A: Before Zanjeer (1973), Amitabh had several flops and just two hits — Bombay To Goa and Anand. It was an era when films were made around stories of love and betrayal punctuated with melodrama and songs. Rajesh Khanna ruled. When we wrote Zanjeer, initially no one would touch it because it was so devoid of romance that the hero doesn’t hold the heroine’s hand even once. Dharmendra, Dev Anand, Dilip Kumar, Raaj Kumar — they all refused, they found the plot dry and not much for themselves in it. Once Dilip saab told me that he regretted refusing three films—Pyaasa, Baiju Bawra and Zanjeer.

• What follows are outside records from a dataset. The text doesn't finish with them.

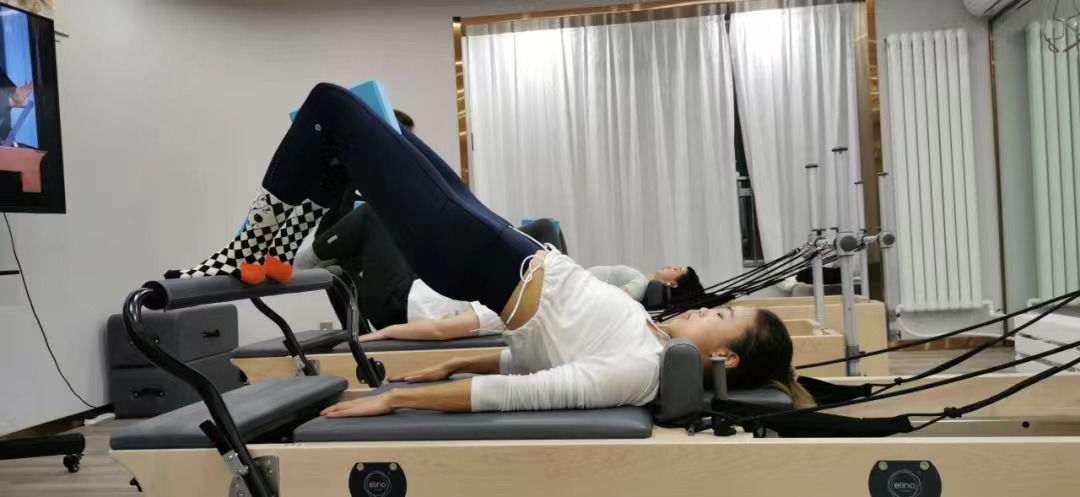 "Chủ tịch hot nhất showbiz" bị xuất huyết n&atilde;o do cục m&aacute;u đ&ocirc;ng, phải phẫu thuật khẩn giữ mạng: Chuy&ecirc;n gia h&eacute; lộ nguy&ecirc;n nh&acirc;n người trẻ đột quỵ ng&agrave;y c&agrave;ng nhiều- Ảnh 4.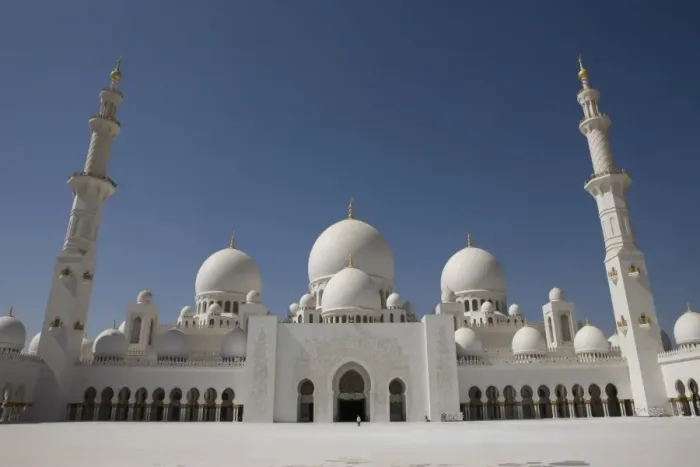 Framed Print : Courtyard, domes and minarets of the new Sheikh Zayed Bin Sultan Al Nahyan Mosque Framed Print : Courtyard, domes and minarets of the new Sheikh Zayed Bin Sultan Al Nahyan Mosque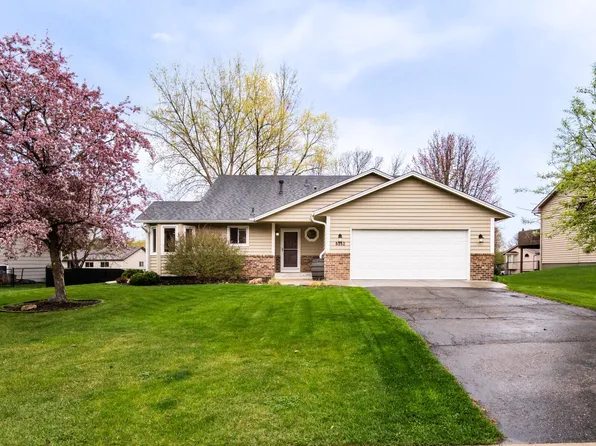 8352 168th St W, Lakeville, MN 55044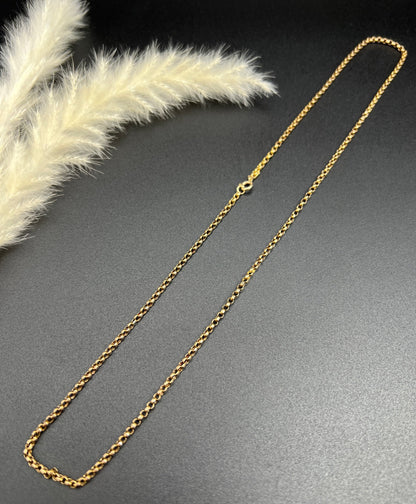 A gold belcher link necklace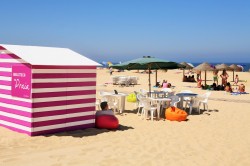 Biblioteca na praia de Melides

Q: Was Zanjeer a gamechanger for both Bachchan and Salim-Javed?
A: Amitabh was immensely talented and needed a breakthrough script. When we created the character of police inspector Vijay Khanna, it suited the lanky figure with a booming baritone. I remember telling producer-director Prakash Mehra during the first day first show that the film would create history.

We were watching the scene where Sher Khan (Pran) visits the inspector and tries to sit. Vijay fumes: “Jab tak baithne ko na kaha jaaye, sharafat se khade raho, yeh police station hai, tumhere baap ka ghar nahin.” 

Watching that scene, I told Prakash Mehra the film would be a hit. The intensity with which Amitabh delivered this line told us he had a lot of fire that needed to be tapped. We did it in subsequent films (Deewar, Trishul, Sholay...).

Q: He carried the roles that Salim-Javed wrote for him...
A: Amitabh was an untapped dynamo before we paired. He was educated and hugely talented but had not got the scripts to use his potential. Our scripts gave him ample opportunities.

Q: Why do we have a dearth of good scripts these days?
A: Today writers don’t read. When I came from Indore (Akhtar came from Bhopal) to Bombay to become an actor, I soon realized that acting would not take me to the peak. I turned to scriptwriting. A public library in Mahim became my second home. I read books and watched films voraciously.